VMs booting with outdated system time after suspension - best practices?

I’ve observed that when my Fly.io virtual machines resume after being suspended, they initially boot with the system clock set to the time when they were suspended, not the current time. The system clock eventually self-corrects after handling a few requests, but initial requests still receive the incorrect time.

Questions:

  • Is this expected behavior for suspended VMs on Fly.io?
  • What’s the recommended approach to ensure accurate time immediately after VM resume post-suspend?
  • Are there any built-in mechanisms I should be using to handle this situation?
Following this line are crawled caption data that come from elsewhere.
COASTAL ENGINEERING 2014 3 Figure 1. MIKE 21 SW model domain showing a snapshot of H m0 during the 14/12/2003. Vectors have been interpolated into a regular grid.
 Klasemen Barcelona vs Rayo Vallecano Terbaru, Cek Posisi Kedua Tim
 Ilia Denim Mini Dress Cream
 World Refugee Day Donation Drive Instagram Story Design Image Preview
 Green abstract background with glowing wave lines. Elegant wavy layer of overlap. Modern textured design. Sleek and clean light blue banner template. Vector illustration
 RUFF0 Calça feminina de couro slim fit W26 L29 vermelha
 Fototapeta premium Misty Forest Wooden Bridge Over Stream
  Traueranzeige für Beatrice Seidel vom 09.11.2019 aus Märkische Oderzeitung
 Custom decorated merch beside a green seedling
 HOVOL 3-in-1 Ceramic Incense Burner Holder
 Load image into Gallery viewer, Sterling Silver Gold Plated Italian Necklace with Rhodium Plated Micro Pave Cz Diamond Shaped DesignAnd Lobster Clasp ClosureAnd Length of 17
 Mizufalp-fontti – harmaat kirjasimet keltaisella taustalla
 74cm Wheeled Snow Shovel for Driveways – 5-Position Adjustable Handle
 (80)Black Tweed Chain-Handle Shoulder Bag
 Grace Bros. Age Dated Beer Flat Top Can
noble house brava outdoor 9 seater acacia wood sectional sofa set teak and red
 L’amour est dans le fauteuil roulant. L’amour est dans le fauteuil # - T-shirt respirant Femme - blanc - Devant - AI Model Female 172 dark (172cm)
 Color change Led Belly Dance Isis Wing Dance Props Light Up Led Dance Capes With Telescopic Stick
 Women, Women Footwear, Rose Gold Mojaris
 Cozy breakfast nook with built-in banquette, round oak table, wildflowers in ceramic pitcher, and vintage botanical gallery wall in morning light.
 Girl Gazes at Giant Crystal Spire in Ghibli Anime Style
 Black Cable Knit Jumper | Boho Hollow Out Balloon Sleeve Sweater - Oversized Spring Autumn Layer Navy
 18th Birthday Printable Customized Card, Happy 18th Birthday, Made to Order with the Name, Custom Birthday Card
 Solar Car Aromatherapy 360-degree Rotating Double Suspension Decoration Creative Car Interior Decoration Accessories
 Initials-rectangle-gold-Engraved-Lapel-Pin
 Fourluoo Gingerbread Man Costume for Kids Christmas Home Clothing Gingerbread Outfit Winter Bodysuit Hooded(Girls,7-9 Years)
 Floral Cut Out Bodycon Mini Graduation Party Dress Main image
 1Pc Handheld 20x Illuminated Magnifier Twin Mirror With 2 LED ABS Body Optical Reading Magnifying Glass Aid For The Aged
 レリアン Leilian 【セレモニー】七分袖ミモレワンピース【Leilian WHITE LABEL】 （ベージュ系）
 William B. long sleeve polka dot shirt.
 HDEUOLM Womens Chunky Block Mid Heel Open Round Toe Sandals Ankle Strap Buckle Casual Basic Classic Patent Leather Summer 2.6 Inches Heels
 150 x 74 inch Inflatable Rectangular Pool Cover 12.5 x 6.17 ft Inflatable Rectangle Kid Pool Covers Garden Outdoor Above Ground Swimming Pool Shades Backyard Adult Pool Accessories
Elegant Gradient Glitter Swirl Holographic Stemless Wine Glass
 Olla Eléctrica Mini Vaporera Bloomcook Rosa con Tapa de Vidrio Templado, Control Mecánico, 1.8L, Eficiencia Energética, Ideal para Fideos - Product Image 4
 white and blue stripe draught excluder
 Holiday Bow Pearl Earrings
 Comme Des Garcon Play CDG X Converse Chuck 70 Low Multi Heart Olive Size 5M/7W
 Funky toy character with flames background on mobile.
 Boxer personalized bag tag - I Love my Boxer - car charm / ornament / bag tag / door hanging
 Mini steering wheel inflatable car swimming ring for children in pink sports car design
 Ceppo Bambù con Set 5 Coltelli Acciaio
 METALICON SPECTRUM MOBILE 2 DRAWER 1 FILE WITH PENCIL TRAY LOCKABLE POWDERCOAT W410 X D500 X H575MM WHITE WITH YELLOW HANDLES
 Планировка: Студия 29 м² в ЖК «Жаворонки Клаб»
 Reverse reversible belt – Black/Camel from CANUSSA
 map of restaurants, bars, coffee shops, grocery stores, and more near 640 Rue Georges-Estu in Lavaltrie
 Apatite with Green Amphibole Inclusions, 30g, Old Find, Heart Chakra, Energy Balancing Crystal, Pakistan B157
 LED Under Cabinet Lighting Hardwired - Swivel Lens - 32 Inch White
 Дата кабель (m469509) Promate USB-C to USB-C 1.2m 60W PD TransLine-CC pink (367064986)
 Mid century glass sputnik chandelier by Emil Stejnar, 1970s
Has anyone else encountered and solved this issue?
Any recommendations would be greatly appreciated!

2 Likes

:eyes: Subscribed.

We observed the same and had to switch back to "stop" because the clock skew caused crypto signature failures for all requests serviced before the system clock resynced.

1 Like

Anyone have any recommendations?
We are running a django app on focal.

We were thinking of telling our machine to listen to a the suspend signal in fly and trigger a clock update before allowing handling requests. Though we’re not sure what that signal would be.

It looks like docker sends a SIGCONT signal when restarting after pause, see:

https://www.kernel.org/doc/Documentation/cgroup-v1/freezer-subsystem.txt

Is there some equivalent in firecracker(?) that someone could point to?

1 Like

This topic was automatically closed 7 days after the last reply. New replies are no longer allowed.